▶ **TRY IT**
Count up the lines in the following listing that hold the word "White", then give only that count.

▶ **INPUT FOR THIS TASK**
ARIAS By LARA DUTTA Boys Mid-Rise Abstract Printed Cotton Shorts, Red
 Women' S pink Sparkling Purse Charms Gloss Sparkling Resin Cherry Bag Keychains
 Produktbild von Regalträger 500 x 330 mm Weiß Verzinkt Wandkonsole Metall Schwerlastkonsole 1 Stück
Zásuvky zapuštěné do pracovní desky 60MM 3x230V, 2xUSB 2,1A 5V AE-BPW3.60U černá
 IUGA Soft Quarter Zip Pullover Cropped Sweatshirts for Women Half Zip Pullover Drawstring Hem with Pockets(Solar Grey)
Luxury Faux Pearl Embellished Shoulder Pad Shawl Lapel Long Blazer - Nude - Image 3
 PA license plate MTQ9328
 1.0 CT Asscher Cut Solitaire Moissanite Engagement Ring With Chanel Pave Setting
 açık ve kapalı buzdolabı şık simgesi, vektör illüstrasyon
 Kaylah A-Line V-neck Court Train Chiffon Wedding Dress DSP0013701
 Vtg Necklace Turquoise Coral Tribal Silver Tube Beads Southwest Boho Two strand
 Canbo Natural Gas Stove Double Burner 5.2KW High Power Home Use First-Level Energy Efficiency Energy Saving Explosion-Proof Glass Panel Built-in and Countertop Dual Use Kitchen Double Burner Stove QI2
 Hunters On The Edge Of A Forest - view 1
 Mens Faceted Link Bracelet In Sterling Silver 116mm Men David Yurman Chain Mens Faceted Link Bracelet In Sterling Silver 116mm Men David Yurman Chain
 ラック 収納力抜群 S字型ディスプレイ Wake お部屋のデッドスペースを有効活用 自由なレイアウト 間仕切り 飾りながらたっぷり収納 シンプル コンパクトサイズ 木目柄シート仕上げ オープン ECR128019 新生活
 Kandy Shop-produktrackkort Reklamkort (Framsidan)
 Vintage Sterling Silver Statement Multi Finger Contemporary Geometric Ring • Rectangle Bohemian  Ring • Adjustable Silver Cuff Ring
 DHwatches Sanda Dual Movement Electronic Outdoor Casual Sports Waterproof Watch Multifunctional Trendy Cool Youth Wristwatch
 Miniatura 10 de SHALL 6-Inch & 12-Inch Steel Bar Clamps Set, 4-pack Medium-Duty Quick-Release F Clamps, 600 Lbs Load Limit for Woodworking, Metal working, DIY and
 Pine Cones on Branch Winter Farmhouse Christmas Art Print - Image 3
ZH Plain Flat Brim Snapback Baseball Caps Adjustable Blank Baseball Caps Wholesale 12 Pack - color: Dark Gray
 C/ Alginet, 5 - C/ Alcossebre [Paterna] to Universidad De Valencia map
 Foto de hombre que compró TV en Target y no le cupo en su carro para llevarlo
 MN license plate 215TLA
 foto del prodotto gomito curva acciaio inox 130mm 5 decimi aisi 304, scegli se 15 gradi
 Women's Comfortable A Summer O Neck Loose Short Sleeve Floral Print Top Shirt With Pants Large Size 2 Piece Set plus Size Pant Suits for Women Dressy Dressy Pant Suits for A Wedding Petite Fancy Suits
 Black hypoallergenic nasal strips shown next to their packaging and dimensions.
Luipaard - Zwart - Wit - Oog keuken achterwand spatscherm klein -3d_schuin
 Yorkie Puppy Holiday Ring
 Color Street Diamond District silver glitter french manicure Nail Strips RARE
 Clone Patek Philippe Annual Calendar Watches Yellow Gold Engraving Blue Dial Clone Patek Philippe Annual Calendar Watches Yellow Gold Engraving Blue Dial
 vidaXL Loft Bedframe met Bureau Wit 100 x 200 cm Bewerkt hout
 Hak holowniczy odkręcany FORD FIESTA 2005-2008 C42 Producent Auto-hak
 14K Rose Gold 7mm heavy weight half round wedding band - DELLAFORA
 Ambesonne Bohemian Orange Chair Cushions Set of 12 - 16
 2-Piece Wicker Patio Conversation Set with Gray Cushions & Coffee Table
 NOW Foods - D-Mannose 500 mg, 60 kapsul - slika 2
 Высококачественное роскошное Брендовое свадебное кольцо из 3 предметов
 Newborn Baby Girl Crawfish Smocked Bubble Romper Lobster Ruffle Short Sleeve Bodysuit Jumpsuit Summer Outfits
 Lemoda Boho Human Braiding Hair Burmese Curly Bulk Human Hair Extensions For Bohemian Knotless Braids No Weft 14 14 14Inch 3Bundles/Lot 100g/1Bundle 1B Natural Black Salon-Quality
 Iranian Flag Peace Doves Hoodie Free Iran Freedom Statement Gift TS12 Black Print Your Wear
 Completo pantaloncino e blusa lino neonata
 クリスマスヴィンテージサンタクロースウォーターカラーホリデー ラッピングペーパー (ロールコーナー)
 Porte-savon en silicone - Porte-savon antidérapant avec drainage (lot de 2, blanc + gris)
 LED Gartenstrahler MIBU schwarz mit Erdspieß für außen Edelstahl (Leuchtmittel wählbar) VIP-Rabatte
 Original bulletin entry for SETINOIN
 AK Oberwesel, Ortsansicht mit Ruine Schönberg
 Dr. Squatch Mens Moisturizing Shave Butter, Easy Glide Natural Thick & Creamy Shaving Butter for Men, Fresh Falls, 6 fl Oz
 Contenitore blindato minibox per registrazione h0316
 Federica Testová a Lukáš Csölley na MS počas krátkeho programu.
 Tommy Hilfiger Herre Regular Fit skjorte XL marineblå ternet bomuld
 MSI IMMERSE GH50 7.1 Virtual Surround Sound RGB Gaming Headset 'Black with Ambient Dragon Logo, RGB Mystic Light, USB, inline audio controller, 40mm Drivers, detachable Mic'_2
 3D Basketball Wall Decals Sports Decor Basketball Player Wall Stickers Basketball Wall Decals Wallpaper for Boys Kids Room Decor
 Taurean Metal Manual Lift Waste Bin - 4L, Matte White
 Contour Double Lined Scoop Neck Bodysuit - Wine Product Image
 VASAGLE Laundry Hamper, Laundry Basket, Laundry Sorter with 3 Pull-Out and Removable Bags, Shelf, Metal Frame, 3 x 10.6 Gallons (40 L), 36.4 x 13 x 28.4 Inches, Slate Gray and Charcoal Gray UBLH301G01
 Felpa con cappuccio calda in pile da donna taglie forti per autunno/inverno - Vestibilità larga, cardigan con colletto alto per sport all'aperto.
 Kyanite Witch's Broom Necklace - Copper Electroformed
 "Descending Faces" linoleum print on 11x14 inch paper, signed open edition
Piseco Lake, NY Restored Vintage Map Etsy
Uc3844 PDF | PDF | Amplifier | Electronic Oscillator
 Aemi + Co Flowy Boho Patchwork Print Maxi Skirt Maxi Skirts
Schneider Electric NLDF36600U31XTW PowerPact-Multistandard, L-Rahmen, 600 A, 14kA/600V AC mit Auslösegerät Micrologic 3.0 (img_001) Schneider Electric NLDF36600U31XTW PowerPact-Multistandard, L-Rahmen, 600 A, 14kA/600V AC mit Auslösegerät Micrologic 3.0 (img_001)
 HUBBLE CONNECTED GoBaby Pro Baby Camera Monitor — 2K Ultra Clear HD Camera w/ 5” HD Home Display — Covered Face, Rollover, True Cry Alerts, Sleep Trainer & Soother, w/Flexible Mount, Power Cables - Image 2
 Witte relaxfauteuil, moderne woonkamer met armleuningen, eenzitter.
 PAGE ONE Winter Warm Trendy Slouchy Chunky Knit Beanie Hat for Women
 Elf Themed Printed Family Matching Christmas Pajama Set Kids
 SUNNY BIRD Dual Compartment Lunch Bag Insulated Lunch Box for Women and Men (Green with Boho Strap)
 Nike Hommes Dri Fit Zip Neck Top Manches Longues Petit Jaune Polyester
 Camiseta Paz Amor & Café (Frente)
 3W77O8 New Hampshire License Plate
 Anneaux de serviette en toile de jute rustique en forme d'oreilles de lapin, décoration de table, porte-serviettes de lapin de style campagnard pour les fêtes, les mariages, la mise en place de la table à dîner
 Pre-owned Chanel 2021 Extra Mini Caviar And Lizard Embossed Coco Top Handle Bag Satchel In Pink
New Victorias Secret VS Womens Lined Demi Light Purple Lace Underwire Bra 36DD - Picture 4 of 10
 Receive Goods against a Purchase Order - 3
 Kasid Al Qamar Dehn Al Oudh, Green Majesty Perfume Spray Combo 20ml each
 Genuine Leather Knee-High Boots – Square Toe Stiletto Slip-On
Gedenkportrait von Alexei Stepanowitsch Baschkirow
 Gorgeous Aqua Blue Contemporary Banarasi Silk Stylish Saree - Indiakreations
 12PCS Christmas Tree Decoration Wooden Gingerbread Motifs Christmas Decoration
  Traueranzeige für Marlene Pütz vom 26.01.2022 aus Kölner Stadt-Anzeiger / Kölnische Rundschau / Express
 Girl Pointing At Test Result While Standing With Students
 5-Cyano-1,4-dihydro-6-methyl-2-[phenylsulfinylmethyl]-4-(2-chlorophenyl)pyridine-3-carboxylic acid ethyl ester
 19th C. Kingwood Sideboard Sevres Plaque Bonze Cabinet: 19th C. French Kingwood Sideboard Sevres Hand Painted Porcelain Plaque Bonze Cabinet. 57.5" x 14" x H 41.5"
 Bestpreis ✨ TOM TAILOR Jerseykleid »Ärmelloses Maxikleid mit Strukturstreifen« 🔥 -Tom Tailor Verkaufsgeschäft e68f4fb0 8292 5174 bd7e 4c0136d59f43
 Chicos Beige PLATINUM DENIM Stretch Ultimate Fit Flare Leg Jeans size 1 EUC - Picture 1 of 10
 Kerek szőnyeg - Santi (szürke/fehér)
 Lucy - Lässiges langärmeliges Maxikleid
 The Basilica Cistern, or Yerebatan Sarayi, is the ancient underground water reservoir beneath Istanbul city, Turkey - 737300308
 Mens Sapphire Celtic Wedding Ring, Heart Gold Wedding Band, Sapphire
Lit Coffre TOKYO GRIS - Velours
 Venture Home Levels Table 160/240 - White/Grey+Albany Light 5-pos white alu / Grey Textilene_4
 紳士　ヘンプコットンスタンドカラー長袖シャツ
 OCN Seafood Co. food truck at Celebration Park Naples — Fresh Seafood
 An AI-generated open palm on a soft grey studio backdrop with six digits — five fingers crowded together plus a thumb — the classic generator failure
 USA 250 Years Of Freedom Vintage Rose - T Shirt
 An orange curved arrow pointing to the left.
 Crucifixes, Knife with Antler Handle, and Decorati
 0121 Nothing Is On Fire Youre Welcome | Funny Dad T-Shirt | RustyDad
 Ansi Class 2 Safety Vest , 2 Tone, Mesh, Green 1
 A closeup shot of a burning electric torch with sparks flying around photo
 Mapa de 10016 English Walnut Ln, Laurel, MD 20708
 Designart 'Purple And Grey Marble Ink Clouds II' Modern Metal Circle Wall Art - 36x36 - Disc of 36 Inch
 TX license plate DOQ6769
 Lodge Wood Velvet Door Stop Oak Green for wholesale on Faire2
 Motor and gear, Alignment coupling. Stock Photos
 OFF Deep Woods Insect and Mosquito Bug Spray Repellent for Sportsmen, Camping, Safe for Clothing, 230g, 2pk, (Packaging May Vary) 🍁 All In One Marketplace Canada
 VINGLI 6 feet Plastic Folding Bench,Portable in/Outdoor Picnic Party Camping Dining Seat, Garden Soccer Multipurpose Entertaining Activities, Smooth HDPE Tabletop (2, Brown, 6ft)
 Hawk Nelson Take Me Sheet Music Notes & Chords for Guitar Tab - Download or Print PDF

▶ **COMPLETED TASK**
2